When it comes to star diagonals to get a more comfortable view however, and
avoiding a cricked neck, that is a different matter (but I digress).
I hope you can all see that the bird is clearly a starling. This is what
you can expect from 500 magnification. Will you see detail like this through one
of these catalogue scopes? I'll come back to this in a minute, but first let's
just be sure about this exercise. There is an important lesson (see below)
contained in it which needs to be grasped. |
These pictures, though crude (since they are dependant on my artistic skills), are nevertheless an accurate representation of the magnifications involved.

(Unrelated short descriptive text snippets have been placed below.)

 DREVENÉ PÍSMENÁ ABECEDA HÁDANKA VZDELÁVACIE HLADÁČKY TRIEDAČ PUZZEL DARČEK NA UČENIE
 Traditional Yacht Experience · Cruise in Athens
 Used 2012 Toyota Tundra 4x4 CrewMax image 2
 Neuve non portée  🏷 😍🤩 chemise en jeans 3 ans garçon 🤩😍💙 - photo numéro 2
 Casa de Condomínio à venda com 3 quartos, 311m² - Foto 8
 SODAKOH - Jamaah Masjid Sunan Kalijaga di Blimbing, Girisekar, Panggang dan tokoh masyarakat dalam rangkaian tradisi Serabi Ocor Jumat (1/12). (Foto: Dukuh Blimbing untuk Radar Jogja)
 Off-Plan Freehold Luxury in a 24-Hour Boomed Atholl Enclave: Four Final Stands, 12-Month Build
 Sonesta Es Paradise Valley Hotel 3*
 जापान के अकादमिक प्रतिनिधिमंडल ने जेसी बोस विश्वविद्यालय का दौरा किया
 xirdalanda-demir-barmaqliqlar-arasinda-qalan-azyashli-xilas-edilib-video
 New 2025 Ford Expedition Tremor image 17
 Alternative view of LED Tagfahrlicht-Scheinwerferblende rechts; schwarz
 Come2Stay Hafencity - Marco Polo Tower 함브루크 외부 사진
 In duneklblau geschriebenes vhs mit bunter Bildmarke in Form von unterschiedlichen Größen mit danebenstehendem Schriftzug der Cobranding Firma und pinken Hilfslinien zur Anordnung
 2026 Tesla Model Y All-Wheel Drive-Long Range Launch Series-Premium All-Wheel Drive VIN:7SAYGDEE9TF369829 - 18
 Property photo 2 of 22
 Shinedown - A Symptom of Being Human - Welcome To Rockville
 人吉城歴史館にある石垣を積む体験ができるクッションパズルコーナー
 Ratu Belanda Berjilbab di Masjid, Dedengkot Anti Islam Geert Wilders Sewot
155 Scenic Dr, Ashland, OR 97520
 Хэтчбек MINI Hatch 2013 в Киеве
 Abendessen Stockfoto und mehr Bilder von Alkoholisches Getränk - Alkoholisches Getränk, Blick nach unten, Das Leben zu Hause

You can verify this for yourself by grabbing tv1.gif, up to tv4.gif from the cache and playing with them in a paint program. Use the magnify image tool (the magnifying glass usually) to increase the image size to 10x normal. You will need to reduce the window size a bit so that you can fit the comparison picture alongside. When comparing tv2.gif with tv3.gif only magnify to 5x normal size (10x to 50x). If you do not know how to get the images from the cache you can download this zipped file which has all four in it, (with tv4.gif the right way round for comparison).
Important lesson
Now, although it is easy to be impressed with the detail that may be seen at large magnifications. It is much harder to visualise how small a piece of sky we are looking at when using a scope. So take the journey back in your mind and starting with the image of the starling on the aerial, imagine it in your mind on the previous picture. Then imagine that image shrunk down in the previous picture. And again back to the original. Now that little tiny square containing the bird (that you can't see) is what you have got to aim your scope at. If it is off by just the smallest fraction you might only see blue sky in the scope. You can see that it is essential to have a smaller power scope on the side, accurately aligned with the optical axis of your main scope so that you can point it somewhere near the right direction to start with.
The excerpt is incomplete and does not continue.